Question

Solute S has a partition coefficient of 6.2 between water (phase 1) and hexane (phase 2). 74.0 mL solution of S in water is extracted six times with 17.0 mL of hexane. Calculate the fraction of S remaining in the aqueous phase.

Answer 1

Explanation:

The given data is as follows.

      Partition coefficient, K = 6.2

      Volume of phase 1, $V_{1}$ = 74.0 mL

      Volume of phase 2, $V_{2}$ = 17.0 mL

So, after one extraction fraction of solute remaining is given as follows.

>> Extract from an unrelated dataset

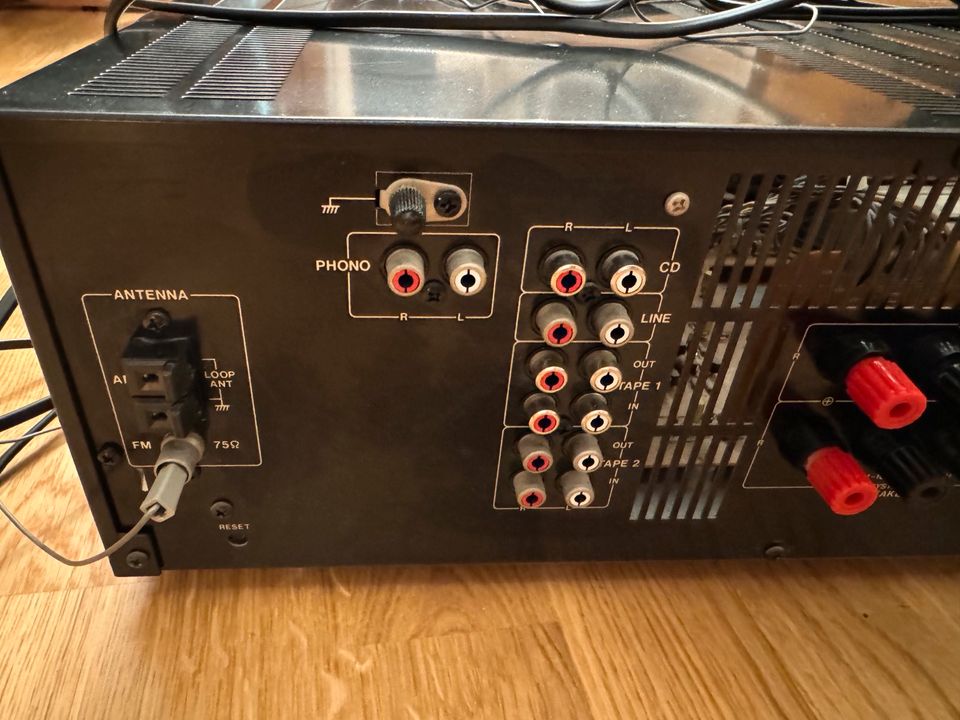 AKAI AA-39 Verstärker Receiver - top in Düsseldorf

              q = $\frac{V_{1}}{V_{1} + KV_{2}}$

After 3 times extraction, fraction of S remaining is as follows.

              q = $[\frac{V_{1}}{V_{1} + KV_{2}}]^{3}$

Putting the given values into the above formula as follows.

               q = $[\frac{V_{1}}{V_{1} + KV_{2}}]^{3}$

                  = $[\frac{74.0 ml}{74.0 ml + 6.2 \times 17.0 ml}]^{3}$

                  = $[\frac{74.0 ml}{179.4 ml}]^{3}$

                  = 0.0699

Thus, we can conclude that the fraction of S remaining in the aqueous phase is 0.0699.